On 05/09/2024 22:47, Dave Chinner wrote:
If the start or end of the extent which needs unmapping is
unaligned then we convert that extent to unwritten and skip,
is it? (__xfs_bunmapi())
The high level code should be aligning the start and end of the
file range to be removed via xfs_inode_alloc_unitsize().
Is that the case for something like truncate? There we just say what is the
end block which we want to truncate to in
xfs_itruncate_extents_flags(new_size) ->
xfs_bunmapi_range(XFS_B_TO_FSB(new_size)), and that may not be alloc unit
aligned.
Ah, I thought we had that alignment in xfs_itruncate_extents_flags()
already, but if we don't then that's a bug that needs to be fixed.
AFAICS, forcealign behaviour is same as RT, so then this would be a
mainline bug, right?
> > We change the space reservation in xfs-setattr_size() for this case
(patch 9) but then don't do any alignment there - it relies on
xfs_itruncate_extents_flags() to do the right thing w.r.t. extent
removal alignment w.r.t. the new EOF.
i.e. The xfs_setattr_size() code takes care of EOF block zeroing and
page cache removal so the user doesn't see old data beyond EOF,
whilst xfs_itruncate_extents_flags() is supposed to take care of the
extent removal and the details of that operation (e.g. alignment).

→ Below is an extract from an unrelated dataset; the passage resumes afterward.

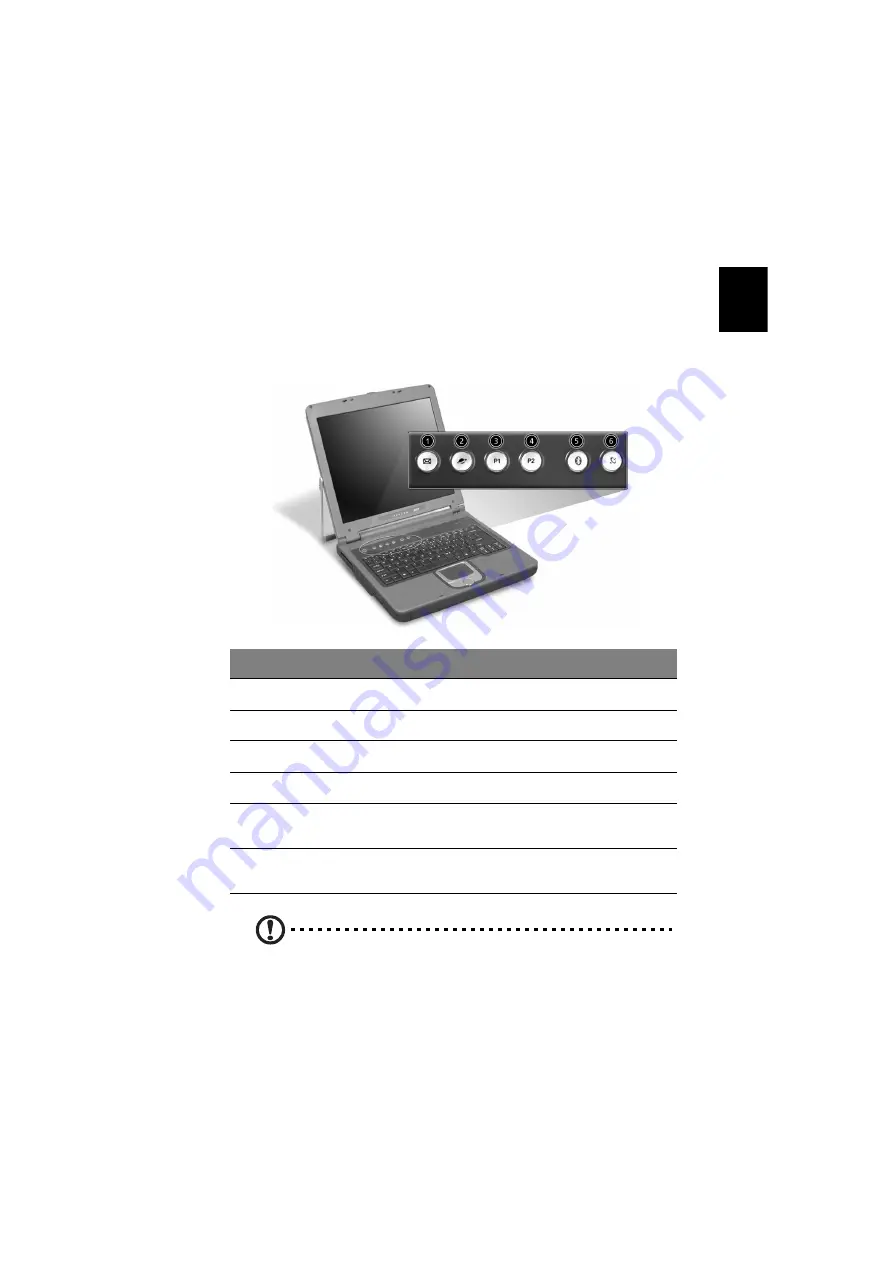 Acer TravelMate 240P series User Manual Download Page 31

So we should roundup the unmap block to the alloc unit, correct? I have
my doubts about that, and thought that xfs_bunmapi_range() takes care of
any alignment handling.
Patch 10 also modifies xfs_can_free_eofblocks() to take alignment
into account for the post-eof block removal, but doesn't change
xfs_free_eofblocks() at all. i.e it also relies on
xfs_itruncate_extents_flags() to do the right thing for force
aligned inodes.
What state should the blocks post-EOF blocks be? A simple example of
partially truncating an alloc unit is:
$xfs_io -c "extsize" mnt/file
[16384] mnt/file
$xfs_bmap -vvp mnt/file
mnt/file:
EXT: FILE-OFFSET BLOCK-RANGE AG AG-OFFSET TOTAL FLAGS
0: [0..20479]: 192..20671 0 (192..20671) 20480 000000
$truncate -s 10461184 mnt/file # 10M - 6FSB
$xfs_bmap -vvp mnt/file
mnt/file:
EXT: FILE-OFFSET BLOCK-RANGE AG AG-OFFSET TOTAL FLAGS
0: [0..20431]: 192..20623 0 (192..20623) 20432 000000
1: [20432..20447]: 20624..20639 0 (20624..20639) 16 010000
FLAG Values:
0010000 Unwritten preallocated extent
Is that incorrect state?
In this case, we are removing post-eof speculative preallocation
that that has been allocated by delalloc conversion during
writeback. These post-eof extents will already be unwritten extents
because delalloc conversion uses unwritten extents to avoid
stale data exposure if we crash between allocation and the data
being written to the extents. Hence there should be no extents to
convert to unwritten in the majority of cases here.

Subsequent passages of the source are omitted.